* _Source material_
• • •
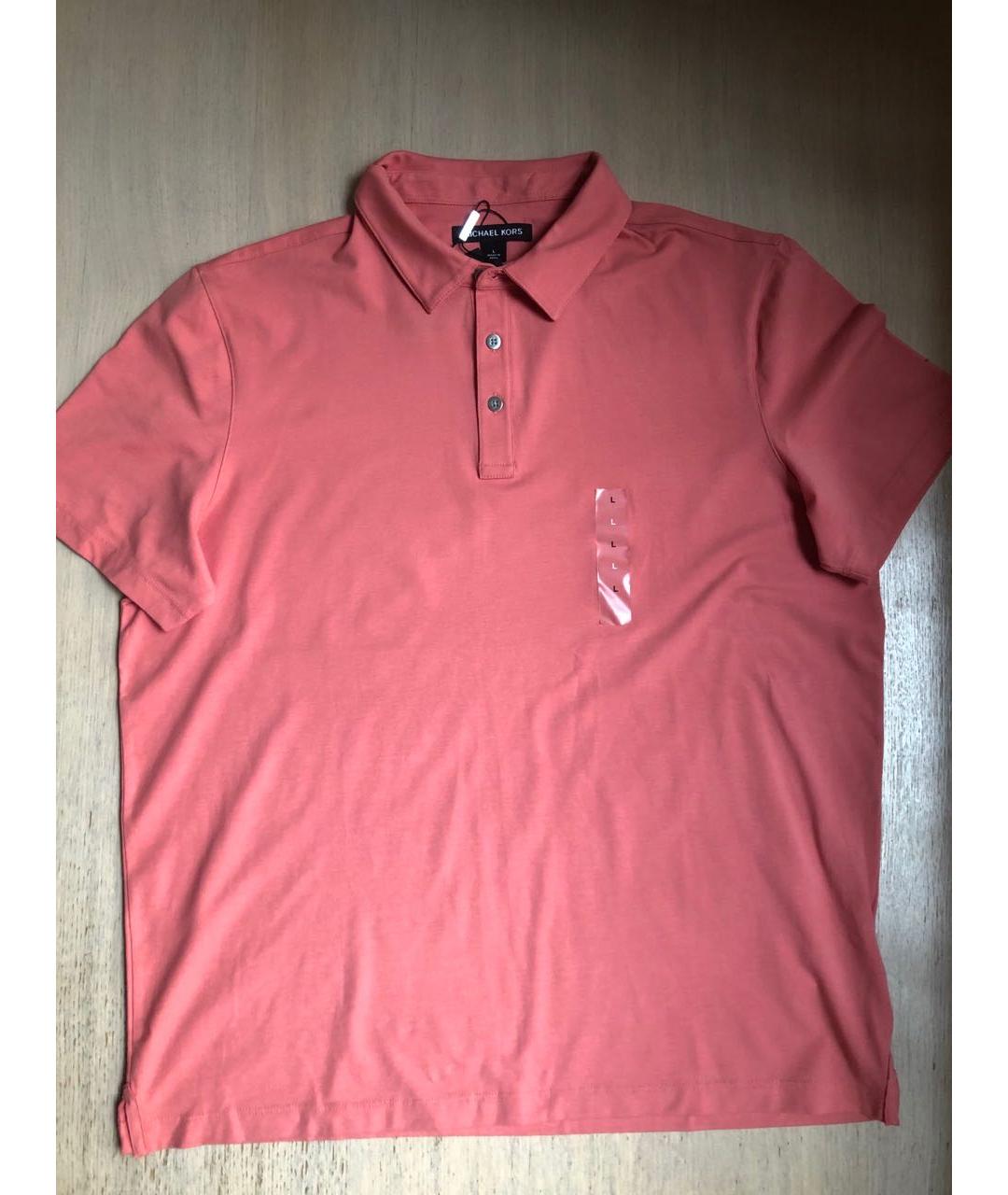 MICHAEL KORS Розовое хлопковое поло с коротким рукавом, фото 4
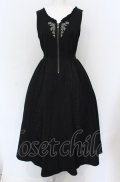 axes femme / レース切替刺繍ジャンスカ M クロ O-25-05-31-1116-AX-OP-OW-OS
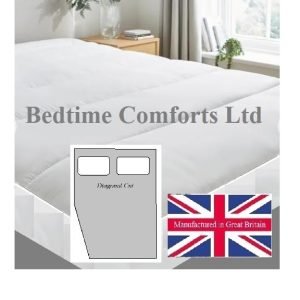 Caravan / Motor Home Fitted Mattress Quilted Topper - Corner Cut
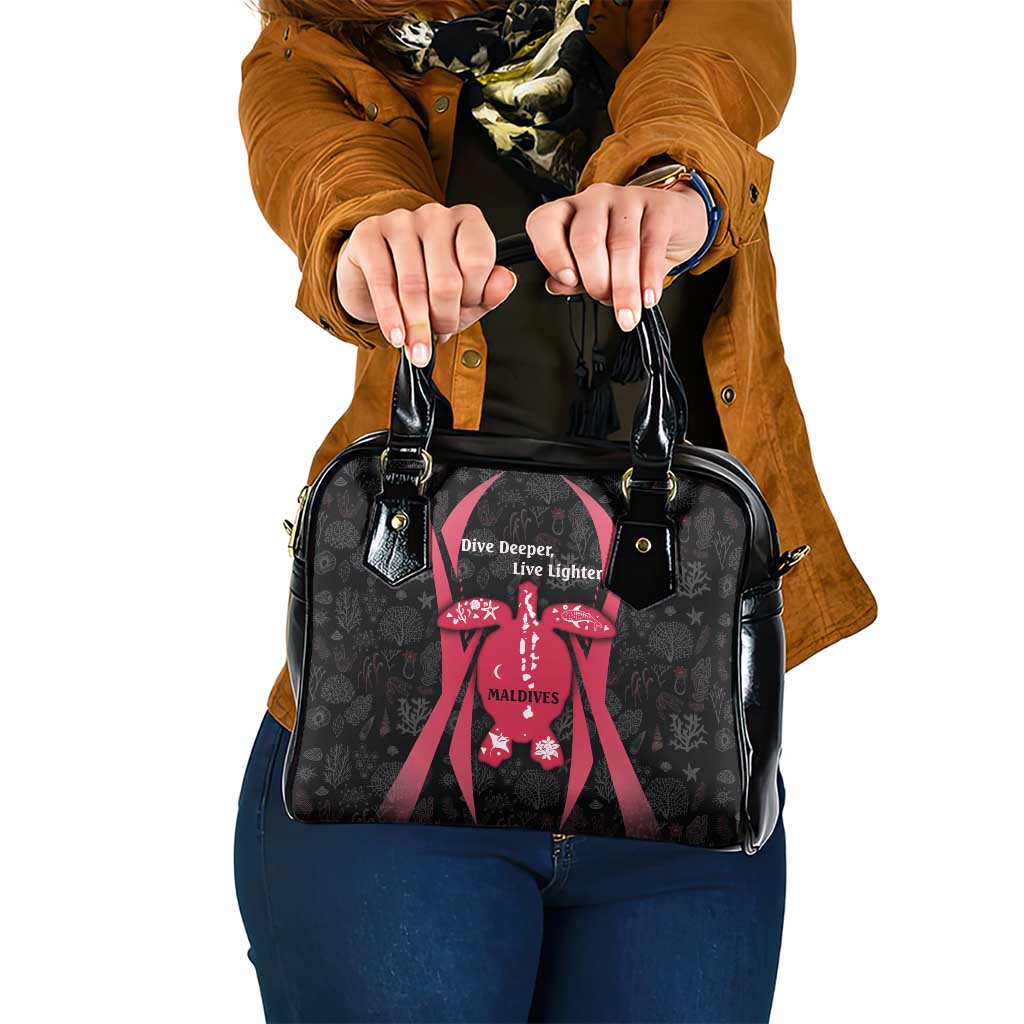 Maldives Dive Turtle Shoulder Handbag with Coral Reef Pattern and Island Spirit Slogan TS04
• • •
* _What you should do_
From the line containing "Caravan / Motor" down to the final line of the listing above, write out only those lines exactly as they are, minus the pictures.

* _Expected answer_
 Caravan / Motor Home Fitted Mattress Quilted Topper - Corner Cut
 Maldives Dive Turtle Shoulder Handbag with Coral Reef Pattern and Island Spirit Slogan TS04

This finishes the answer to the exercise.